Gartner also has observed several vendors adding private and public LoRaWAN to their portfolios and showing moderate growth, as well as vendors starting to test and integrate LEO satellite capabilities, including 3GPP WAN to satellite as an option for areas with no cellular coverage.

The gradual rise of eSIMs replacing branded SIMs, in particular, provides an interesting opportunity for attackers, argue its proponents. Offering the flexibility to switch between networks, eSIMs effectively break “vendor lock-in,” while offering means to reduce some costs and integration headaches. And the major hyperscalers are among those attackers.
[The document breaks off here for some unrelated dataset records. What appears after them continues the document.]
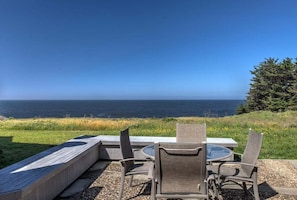 An outdoor seating area with a table and chairs, overlooking a body of water. - Wild Iris | Ocean View Haven with Hot Tub (Sea Ranch)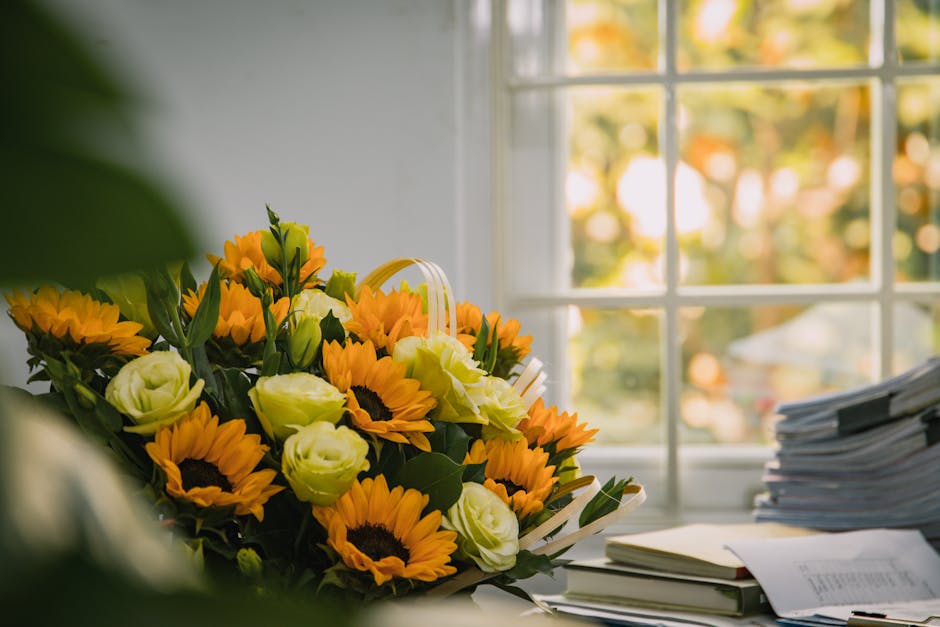 A vibrant bouquet of fresh flowers featuring large yellow sunflowers with dark centers, soft white roses, and green foliage arranged in a natural style. The bouquet is placed on a cluttered desk next
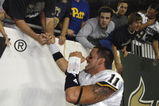 TAMPA, FL - OCTOBER 2:  Quarterback Bill Stull #11 of the Pittsburgh Panthers celebrates with fans an upset win against the University of South Florida Bulls at Raymond James Stadium on October 2, 2008 in Tampa, Florida.  (Photo by Al Messerschmidt/Getty Images)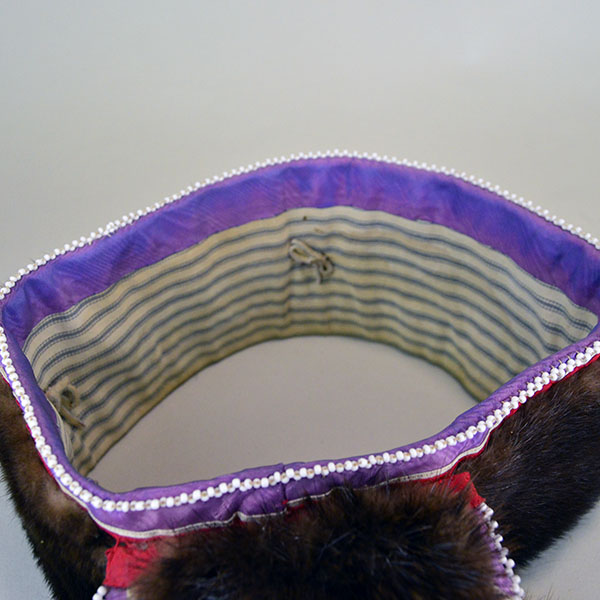 Turban- Handcrafted Otter fur features six rosettes. approximately 22 inches in inside circumference. The drop measures about 26 inches. one of a kind. The inside lining.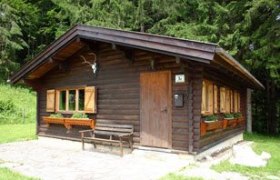 Jagdhaus, © Archiv Ein kleines, rustikales Jagdhaus aus Holz mit Fensterläden und Geweih an der Fassade, umgeben von Wald.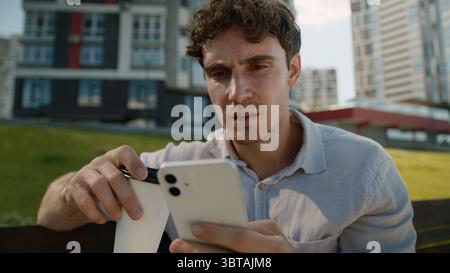 Shocked dissatisfied Caucasian young man holding cup of coffee user mobile phone smartphone male city amazed guy bad news message online student Stock Photo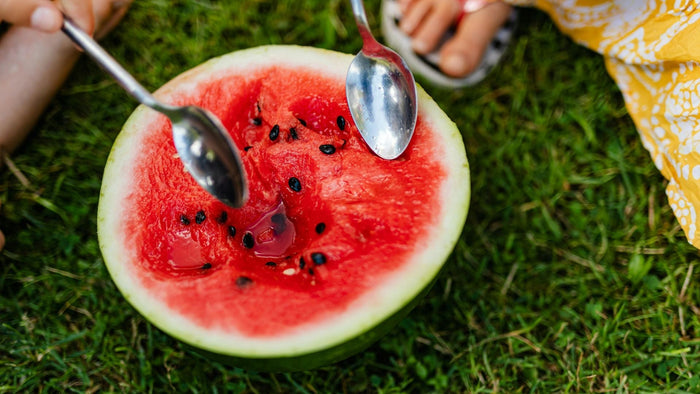 Personas compartiendo una sandía fresca cortada por la mitad sobre el pasto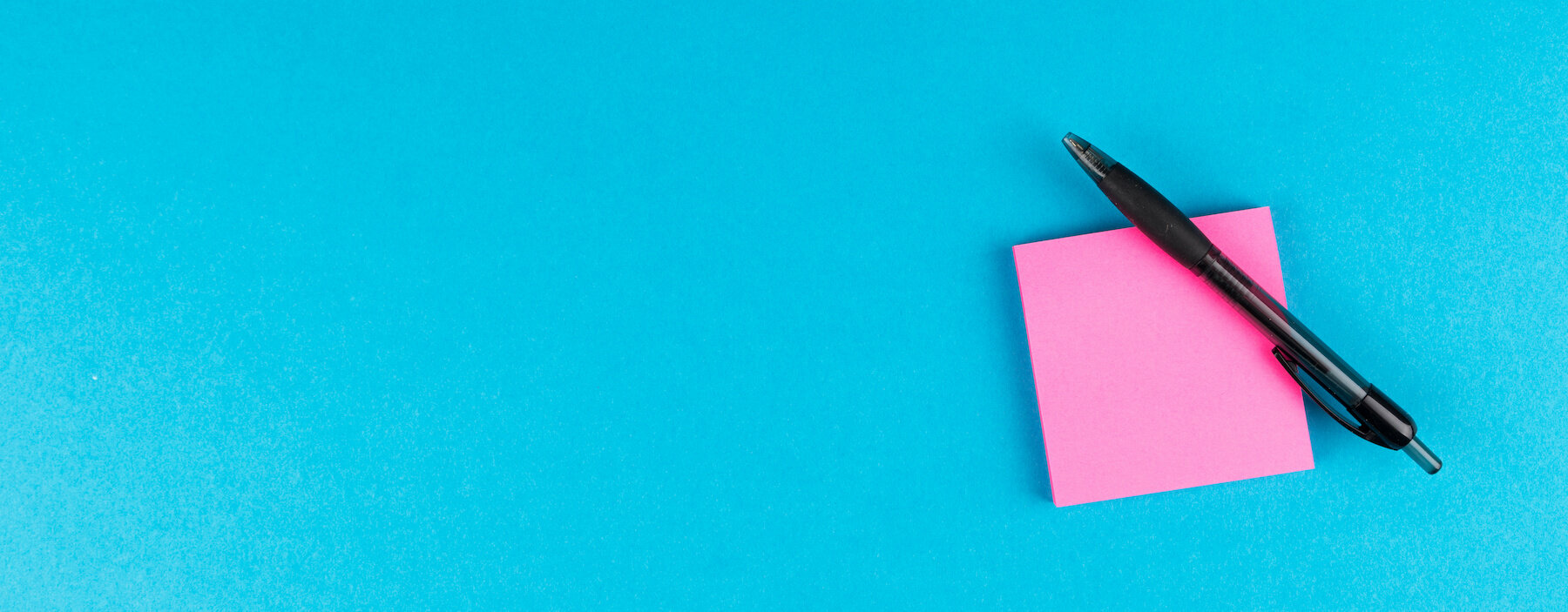 panorma with pen and post it on colorful background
Meanwhile, Apple’s iPhone 14 already has an eSIM with a satellite overlay, allowing emergency texts via satellite, point out executives at IoT connectivity provider Eseye.

If nothing else, the primary role that connectivity plays within IoT efforts seems to suggest healthy growth in the demand for managed IoT connectivity as well as private networks.

Despite any nascency that remains within the larger IoT market, it’s certainly not dampening the enthusiasm among IoT buyers and potential adopters. Several surveys suggest satisfaction and intent is high, and most experts predict healthy growth for the category.

Quite simply, it’s hard to envision a picture of the future that does not include a myriad of connected devices that collect mountains of data, control environments and processes based on that data and seamlessly communicate with personal devices. And when considering the complexities to pull this off, it’s not surprising that a team of integrators, trusted advisors and third-party providers will be enlisted to bring this future to fruition.

Indeed, “this won’t be a winner-takes-all market environment,” McKinsey IoT experts conclude. “To maximize the opportunity for the IoT to play an increased role in many aspects of people’s lives, numerous players will have to work together to reduce risk, and numerous players will be in a position to reap the rewards.”